Аргументы в пользу конкурентных рынков покоятся исключительно на способности последних поддерживать определенные, широко разделяемые общественные ценности, в частности создавать процветание, измеряемое субъективными предпочтениями членов данного общества. Будучи достаточно определенной, эта цель, таким образом, потенциально является общественным благом, которое, казалось бы, может быть обеспечено в результате политических действий. Однако средства для достижения этой цели радикально туманны: ни один орган централизованного принятия решений не может знать, какую продукцию и как именно следует производить для достижения процветания. В силу этого такое общественное благо, как процветание, надежнее всего может быть обеспечено за счет создания институциональных условий, в рамках которых конкурентное экспериментирование и открытия могут преодолеть неопределенность. Государственное вмешательство внутри этих институциональных рамок – в виде субсидирования неких отраслей или регулирования цен – с высокой степенью вероятности обречено на провал.

Но, когда результаты конкурентного процесса не согласуются с другими широко разделяемыми общественными ценностями – такими, как сочувствие к неудачникам, стремление к знаниям или защита природных и культурных ценностей, – вмешательство государства может быть оправданным. В данном случае неопределенность отсутствует, поскольку целью является не согласование субъективных предпочтений, известных только самим частным лицам, а скорее координация общественных ценностей, хорошо известных обществу.

В свете вышесказанного ясно, что признание фундаментального значения конкуренции не требует установления каких-либо неизменных или узких границ на характер и масштаб задач, которые могут быть предметом государственной политики. Ф.А. Хайек, величайший защитник конкуренции в двадцатом веке, всегда отмечал этот момент:

Несогласие с таким пониманием планирования не следует путать с догматической приверженностью принципу laissez faire. Либералы говорят о необходимости максимального использования потенциала конкуренции для координации деятельности, а не призывают пускать вещи на самотек….И они вовсе не отрицают, а, наоборот, всячески подчеркивают, что для создания эффективной конкуренции нужна хорошо продуманная система законов, но как нынешнее законодательство, так и законодательство прошлого в этом отношении далеки от совершенства. Не отрицают они и того, что там, где не удается создать условий для эффективной конкуренции, надо использовать другие методы управления экономической деятельностью[89 - Хайек Ф.А. Дорога к рабству. М.: Новое издательство, 2005. С. 59.].

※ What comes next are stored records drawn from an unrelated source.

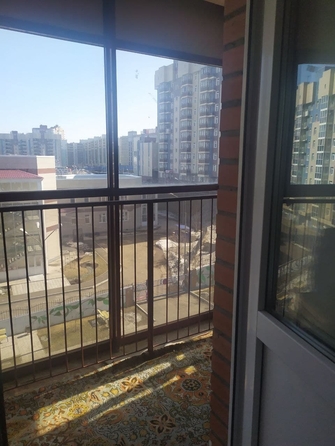 
  Сдам Студия 33 м². Фото 10.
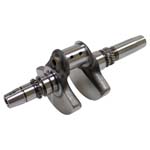 Hot Rods Crankshaft and Rods Kit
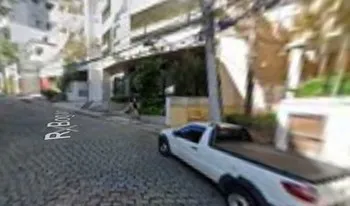 Condomínio Do Edifício Bogari em Rio de Janeiro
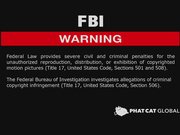 無修正 モデルコレクション 日高りこ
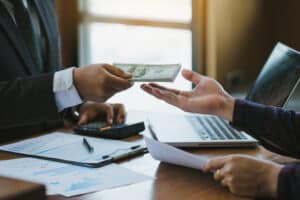 Business Funding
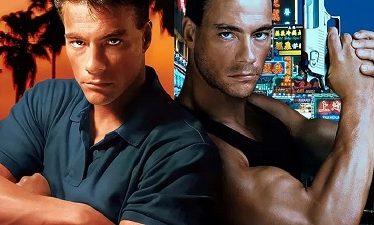 Doble impacto (1991)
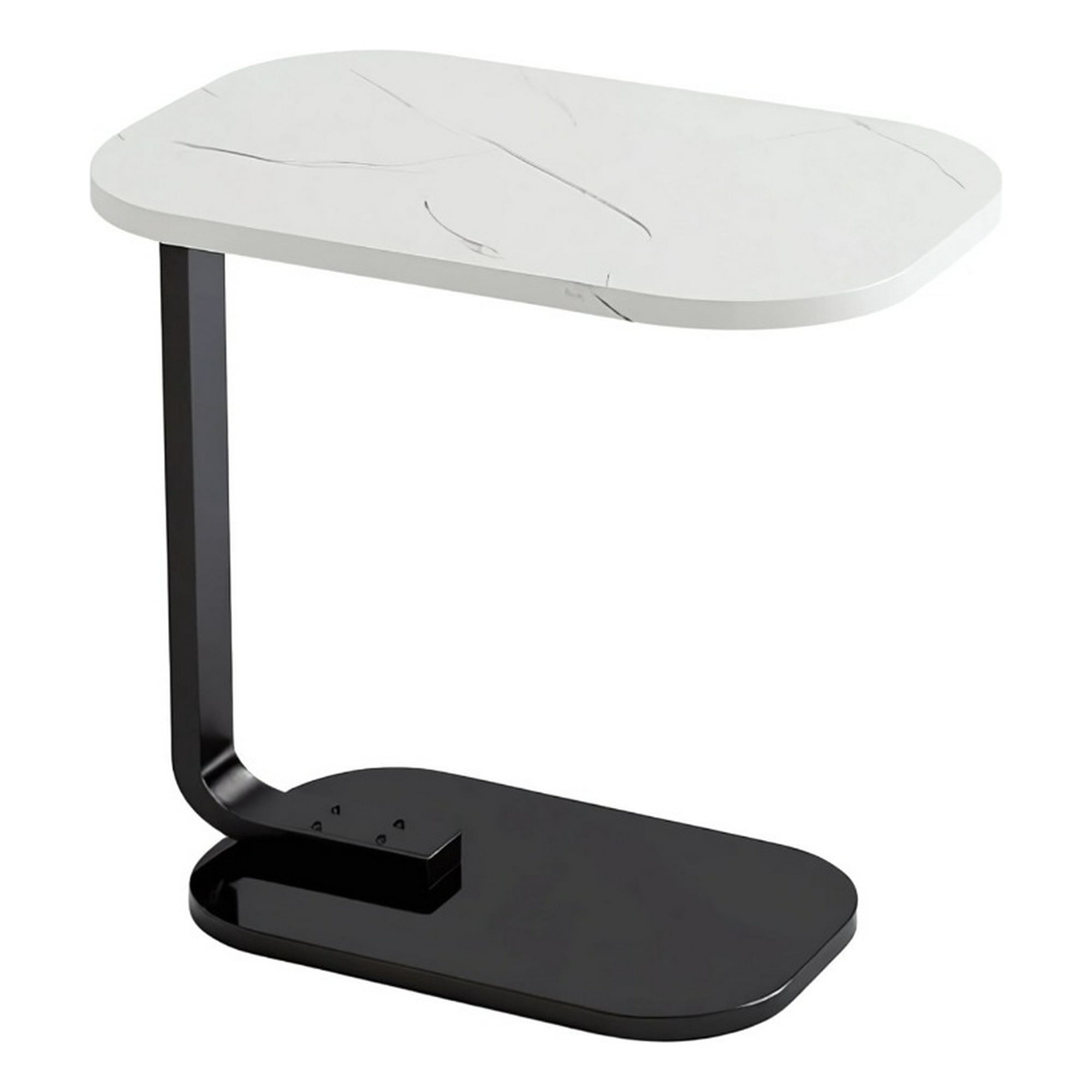 Genérico - Mesa Centro Moderna Decorativa Diseño Minimalista Jhn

Здесь следует сделать важную оговорку. Хотя государственные расходы и регулирование могут быть полезны, из этого вовсе не следует, что они будут полезны только потому, что их официально декларируемая цель – достижение какого-нибудь всеми одобряемого общественного блага. Тот факт, что некоторые ограниченные программы государственного регулирования можно оправдать важностью защиты здоровья и безопасности, вовсе не означает, что следует одобрить все идеи регулирования, претендующие на служение тем же целям. А тот факт, что почти все считают образование важным общественным благом, не означает, что любое вторжение государства в эту область оправданно. Напротив, сегодня в США – а эта страна намного меньше большинства других стран мира поражена сверхцентрализацией – множество программ государственных расходов и регулирования глубоко и безнадежно порочны. Буквально во всех аспектах жизни общества общественное благо значительно выиграет от радикального сокращения государственного участия. Сфера действий государства может быть достаточно широка, но из практических и теоретических соображений ясно, что эффективность государственного вмешательства строго ограничена, а потому желательно, чтобы инициативы государства в области экономической политики были как можно более скромными.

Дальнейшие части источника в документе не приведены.